The “New York Times” sues OpenAI and Microsoft for using copyrighted works

The New York Times is suing OpenAI and Microsoft for copyright infringement over the unauthorized use of published works to train artificial intelligence (AI) technologies.

The lawsuit, filed in federal district court in Manhattan, claims that millions of articles published by the New York Times were used to train automated chatbots that now compete with the news media as a source of information.

While the lawsuit does not specify monetary damages, it states that the defendants should be held liable for “billions of dollars in statutory and actual damages” related to the “unlawful copying and use of the Times’ exceptionally valuable works.”
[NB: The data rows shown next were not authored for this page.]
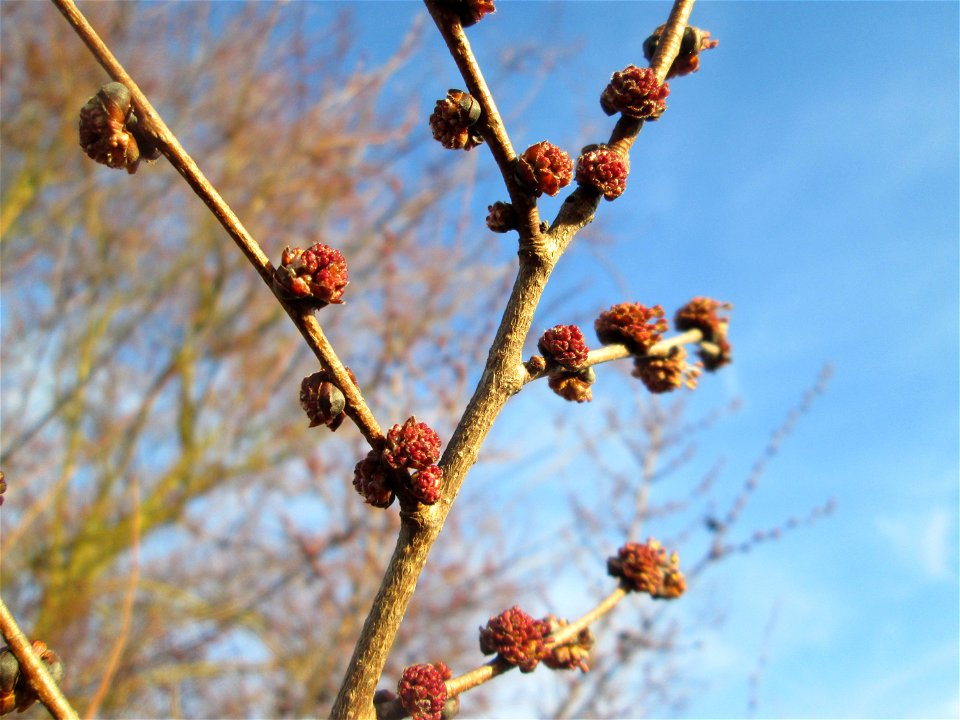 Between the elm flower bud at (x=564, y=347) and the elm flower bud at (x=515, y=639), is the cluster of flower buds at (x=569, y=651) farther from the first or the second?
the elm flower bud at (x=564, y=347)

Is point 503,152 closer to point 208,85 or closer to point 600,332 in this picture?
point 600,332

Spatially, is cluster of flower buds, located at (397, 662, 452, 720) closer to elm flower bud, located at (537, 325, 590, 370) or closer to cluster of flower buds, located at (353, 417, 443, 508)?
cluster of flower buds, located at (353, 417, 443, 508)

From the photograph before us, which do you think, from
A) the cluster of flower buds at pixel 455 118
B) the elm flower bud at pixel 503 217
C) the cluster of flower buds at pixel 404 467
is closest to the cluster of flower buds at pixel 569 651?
the cluster of flower buds at pixel 404 467

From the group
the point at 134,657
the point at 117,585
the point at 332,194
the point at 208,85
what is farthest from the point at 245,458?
the point at 208,85

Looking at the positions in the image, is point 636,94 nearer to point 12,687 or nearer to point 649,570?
point 649,570

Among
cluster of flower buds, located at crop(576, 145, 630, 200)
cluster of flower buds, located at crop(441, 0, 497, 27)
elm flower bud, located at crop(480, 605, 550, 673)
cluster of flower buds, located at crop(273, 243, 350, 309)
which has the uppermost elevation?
cluster of flower buds, located at crop(441, 0, 497, 27)

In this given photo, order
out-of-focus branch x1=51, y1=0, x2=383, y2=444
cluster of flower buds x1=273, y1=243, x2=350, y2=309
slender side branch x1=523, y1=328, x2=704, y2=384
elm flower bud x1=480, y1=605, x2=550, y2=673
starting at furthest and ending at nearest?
elm flower bud x1=480, y1=605, x2=550, y2=673, slender side branch x1=523, y1=328, x2=704, y2=384, cluster of flower buds x1=273, y1=243, x2=350, y2=309, out-of-focus branch x1=51, y1=0, x2=383, y2=444

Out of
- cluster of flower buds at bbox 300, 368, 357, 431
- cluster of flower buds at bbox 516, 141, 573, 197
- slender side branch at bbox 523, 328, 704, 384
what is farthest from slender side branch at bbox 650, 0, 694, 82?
cluster of flower buds at bbox 300, 368, 357, 431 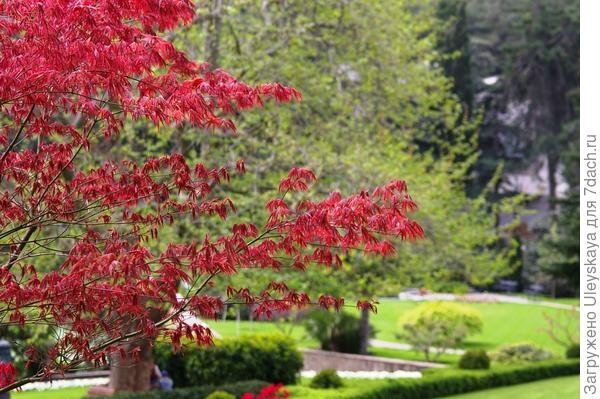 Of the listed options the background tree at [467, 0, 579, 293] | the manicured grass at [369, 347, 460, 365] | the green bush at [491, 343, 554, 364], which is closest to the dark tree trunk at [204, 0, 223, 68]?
the green bush at [491, 343, 554, 364]

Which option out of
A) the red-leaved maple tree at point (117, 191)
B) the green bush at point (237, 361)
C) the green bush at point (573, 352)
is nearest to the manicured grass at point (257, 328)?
the green bush at point (573, 352)

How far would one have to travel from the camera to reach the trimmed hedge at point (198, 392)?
13.5 m

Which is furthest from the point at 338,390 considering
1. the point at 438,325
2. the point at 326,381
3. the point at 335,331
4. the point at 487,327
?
the point at 487,327

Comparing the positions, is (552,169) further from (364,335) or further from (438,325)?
(438,325)

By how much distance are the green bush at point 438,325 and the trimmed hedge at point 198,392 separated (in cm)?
838

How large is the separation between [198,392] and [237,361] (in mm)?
1898

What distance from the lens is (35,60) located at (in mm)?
5207

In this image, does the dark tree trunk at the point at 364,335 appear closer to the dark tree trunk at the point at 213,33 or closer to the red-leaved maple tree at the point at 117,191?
the dark tree trunk at the point at 213,33

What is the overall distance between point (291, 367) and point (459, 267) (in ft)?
19.0

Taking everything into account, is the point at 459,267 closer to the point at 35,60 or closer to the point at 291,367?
the point at 291,367

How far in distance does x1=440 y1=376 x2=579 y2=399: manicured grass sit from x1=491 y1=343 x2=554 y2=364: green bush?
171 cm

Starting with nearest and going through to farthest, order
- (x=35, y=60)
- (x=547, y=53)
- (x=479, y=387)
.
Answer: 1. (x=35, y=60)
2. (x=479, y=387)
3. (x=547, y=53) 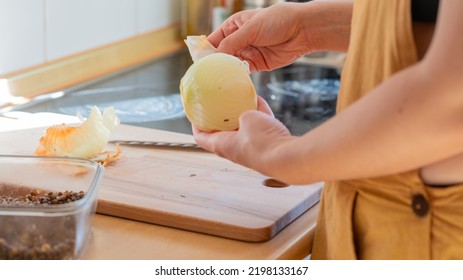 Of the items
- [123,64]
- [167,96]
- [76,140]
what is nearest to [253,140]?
[76,140]

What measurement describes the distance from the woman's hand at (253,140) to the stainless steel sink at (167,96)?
0.73 metres

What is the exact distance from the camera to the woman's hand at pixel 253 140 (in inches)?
33.0

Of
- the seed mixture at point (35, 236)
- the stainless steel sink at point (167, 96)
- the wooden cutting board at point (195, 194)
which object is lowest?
the stainless steel sink at point (167, 96)

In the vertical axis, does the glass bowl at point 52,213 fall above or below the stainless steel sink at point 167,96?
above

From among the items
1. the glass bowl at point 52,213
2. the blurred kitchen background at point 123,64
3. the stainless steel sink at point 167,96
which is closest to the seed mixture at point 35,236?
the glass bowl at point 52,213

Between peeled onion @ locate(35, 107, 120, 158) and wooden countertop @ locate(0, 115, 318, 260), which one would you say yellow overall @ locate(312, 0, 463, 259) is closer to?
wooden countertop @ locate(0, 115, 318, 260)

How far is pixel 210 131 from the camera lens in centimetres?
100

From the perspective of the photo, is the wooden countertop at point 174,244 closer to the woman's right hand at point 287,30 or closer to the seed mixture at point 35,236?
the seed mixture at point 35,236

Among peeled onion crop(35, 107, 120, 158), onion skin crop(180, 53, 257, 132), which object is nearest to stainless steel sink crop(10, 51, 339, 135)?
peeled onion crop(35, 107, 120, 158)

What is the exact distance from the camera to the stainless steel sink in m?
1.71

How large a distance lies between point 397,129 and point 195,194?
1.30 ft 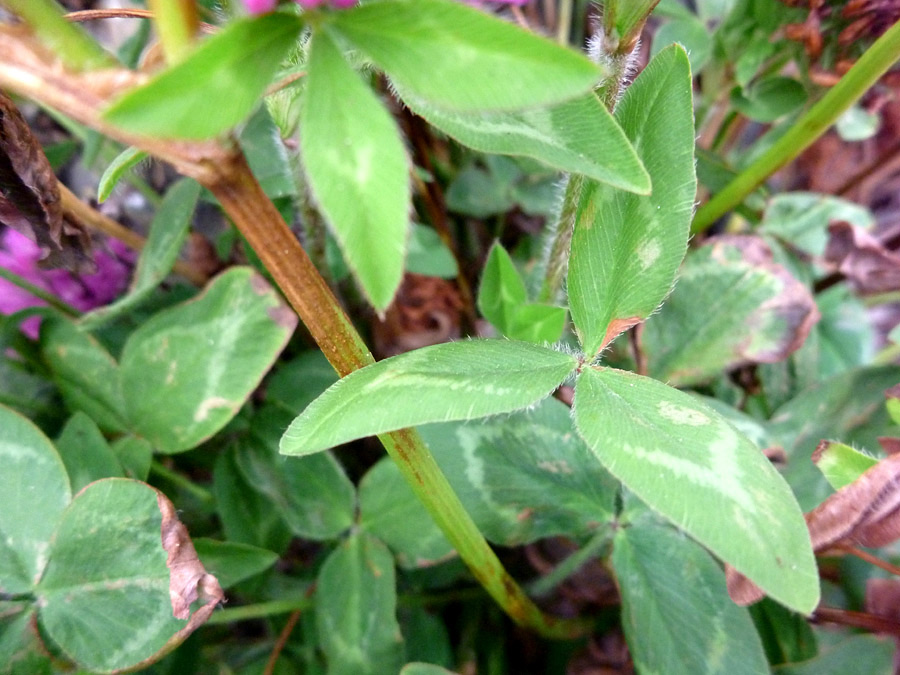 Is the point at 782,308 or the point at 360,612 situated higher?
the point at 782,308

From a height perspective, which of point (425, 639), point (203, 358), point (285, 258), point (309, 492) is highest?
point (285, 258)

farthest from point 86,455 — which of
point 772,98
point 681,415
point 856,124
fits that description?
point 856,124

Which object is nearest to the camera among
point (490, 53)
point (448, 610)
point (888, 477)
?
point (490, 53)

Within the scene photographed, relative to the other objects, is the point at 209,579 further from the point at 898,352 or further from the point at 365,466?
the point at 898,352

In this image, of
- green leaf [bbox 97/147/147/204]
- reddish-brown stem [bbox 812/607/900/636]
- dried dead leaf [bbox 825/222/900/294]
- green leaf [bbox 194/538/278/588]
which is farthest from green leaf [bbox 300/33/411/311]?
dried dead leaf [bbox 825/222/900/294]

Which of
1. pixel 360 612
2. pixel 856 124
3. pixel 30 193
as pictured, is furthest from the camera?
pixel 856 124

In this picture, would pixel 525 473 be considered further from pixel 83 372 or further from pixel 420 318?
pixel 83 372

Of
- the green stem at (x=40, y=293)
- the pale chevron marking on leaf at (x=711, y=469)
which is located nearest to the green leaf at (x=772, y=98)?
the pale chevron marking on leaf at (x=711, y=469)

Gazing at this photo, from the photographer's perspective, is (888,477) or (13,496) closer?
(888,477)

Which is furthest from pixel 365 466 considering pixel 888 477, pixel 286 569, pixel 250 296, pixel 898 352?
pixel 898 352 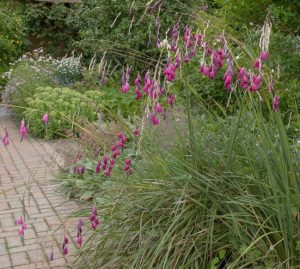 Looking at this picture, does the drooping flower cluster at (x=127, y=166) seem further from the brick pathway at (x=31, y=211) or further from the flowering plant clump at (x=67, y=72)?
the flowering plant clump at (x=67, y=72)

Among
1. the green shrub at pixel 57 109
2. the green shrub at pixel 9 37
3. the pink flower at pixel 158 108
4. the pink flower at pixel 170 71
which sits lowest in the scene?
the green shrub at pixel 57 109

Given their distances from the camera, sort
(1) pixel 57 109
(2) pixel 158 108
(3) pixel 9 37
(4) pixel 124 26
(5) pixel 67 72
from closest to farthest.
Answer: (2) pixel 158 108 < (1) pixel 57 109 < (4) pixel 124 26 < (5) pixel 67 72 < (3) pixel 9 37

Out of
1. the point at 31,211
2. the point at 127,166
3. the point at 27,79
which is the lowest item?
the point at 31,211

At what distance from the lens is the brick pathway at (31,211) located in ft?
12.7

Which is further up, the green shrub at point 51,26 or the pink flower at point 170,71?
the pink flower at point 170,71

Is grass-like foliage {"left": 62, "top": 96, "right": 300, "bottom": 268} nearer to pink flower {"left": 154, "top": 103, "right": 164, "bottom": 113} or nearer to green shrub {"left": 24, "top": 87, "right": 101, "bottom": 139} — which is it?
pink flower {"left": 154, "top": 103, "right": 164, "bottom": 113}

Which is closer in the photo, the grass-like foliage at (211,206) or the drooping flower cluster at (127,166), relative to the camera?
the grass-like foliage at (211,206)

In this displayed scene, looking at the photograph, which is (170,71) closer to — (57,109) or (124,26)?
(57,109)

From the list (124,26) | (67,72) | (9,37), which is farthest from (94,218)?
(9,37)

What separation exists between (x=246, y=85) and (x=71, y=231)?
7.71ft

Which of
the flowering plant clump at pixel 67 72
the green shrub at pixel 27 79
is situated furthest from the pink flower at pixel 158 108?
the flowering plant clump at pixel 67 72

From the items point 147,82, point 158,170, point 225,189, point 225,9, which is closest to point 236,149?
point 225,189

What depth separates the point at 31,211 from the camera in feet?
16.8

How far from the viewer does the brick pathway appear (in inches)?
152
It also requires companies to destroy any chatbot models and training data that use the newspaper’s copyrighted material. According to the “New York Times” Microsoft and OpenAI have not yet released any comments.

“Defendants seek to take advantage of the Times’ enormous investment in its journalism”

Investors currently value OpenAI at more than 80 billion dollars (around 72 billion euros). In Microsoft’s case, it has allocated $13 billion (€11.6 million) to OpenAI and incorporated the company’s technology into its Bing search engine.

“Defendants seek to take advantage of the Times’ enormous investment in its journalism,” the lawsuit states, accusing OpenAI and Microsoft of “using Times content without payment to create products that replace the Times and steal audiences.”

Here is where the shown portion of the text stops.